Definitivamente oggi Frankenstein non è più di nessuno. E’ patrimonio di tutti come l’aria che respiriamo. Non passa lustro senza che qualcuno tenti di riportarlo ancora una volta in scena (ci ha provato recentemente Branagh con De Niro) pensando di trovare risvolti inediti, interpretazioni originali, ma lui resiste a ogni tentativo, refrattario, un po’ ottuso, con l’aria di chi non capisce o finge di non capire. Frankenstein rimane se stesso, come ogni storia millenaria che si racconta da sempre e che da sempre contiene qualcosa capace di spiegare la realtà. Cosa che capita alla piccola Anna nello Spirito dell’alveare di Victor Erice. Nel paesino di campagna in cui vive è arrivato il cinema ambulante. Nel più grande magazzino del paese si proietterà Frankenstein.

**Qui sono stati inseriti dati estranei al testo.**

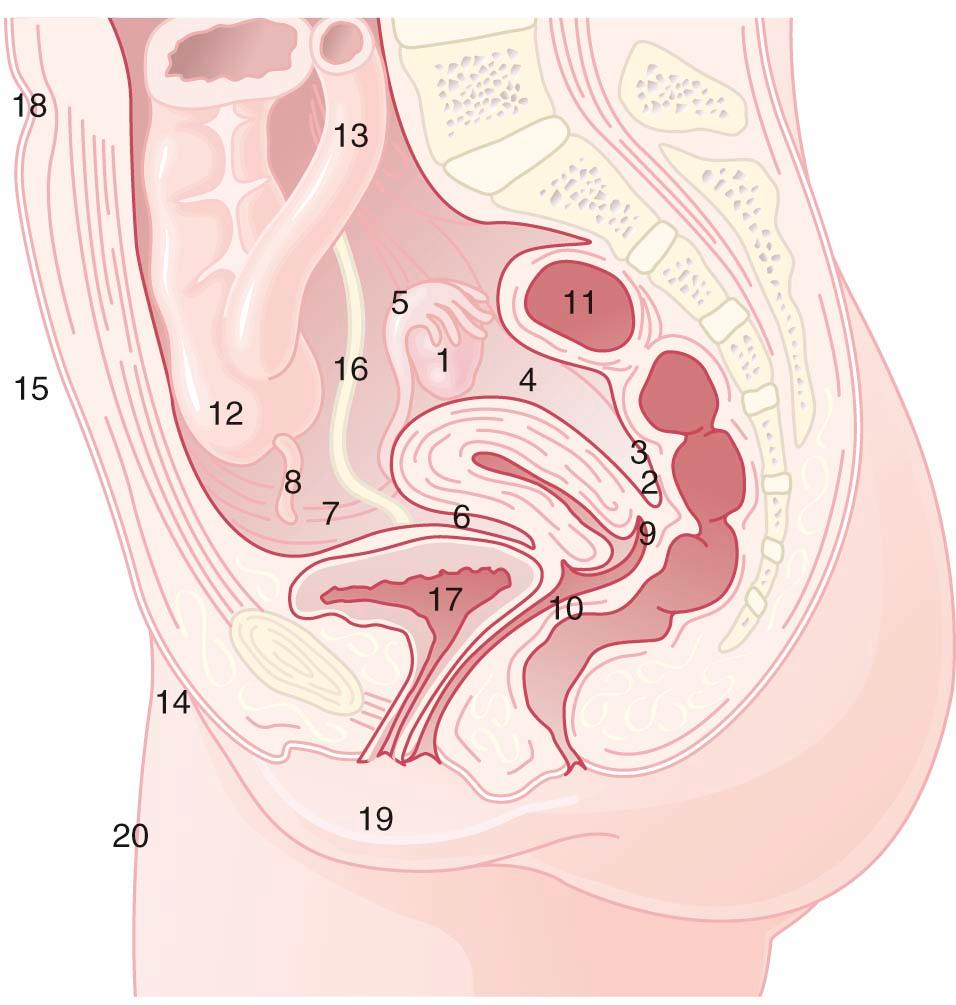 FIGURE 25-1, Common sites of endometriosis in decreasing order of frequency: (1) ovary, (2) cul-de-sac, (3) uterosacral ligaments, (4) broad ligaments, (5) fallopian tubes, (6) uterovesical fold, (7) round ligaments, (8) vermiform appendix, (9) vagina, (10) rectovaginal septum, (11) rectosigmoid colon, (12) cecum, (13) ileum, (14) inguinal canals, (15) abdominal scars, (16) ureters, (17) urinary bladder, (18) umbilicus, (19) vulva, and (20) peripheral sites.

Lei osserva ad occhi sbarrati la sequenza dell’incontro della bambina col mostro. Poi torna a casa, va in giro per i campi e in una casupola abbandonata incontra un fuggiasco, un disertore della guerra che infuria, un ricercato dalla Guardia Civil, un ribelle, un mostro. Poi l’uomo muore, ma intanto Anna crede d’aver capito qualcosa in più della realtà.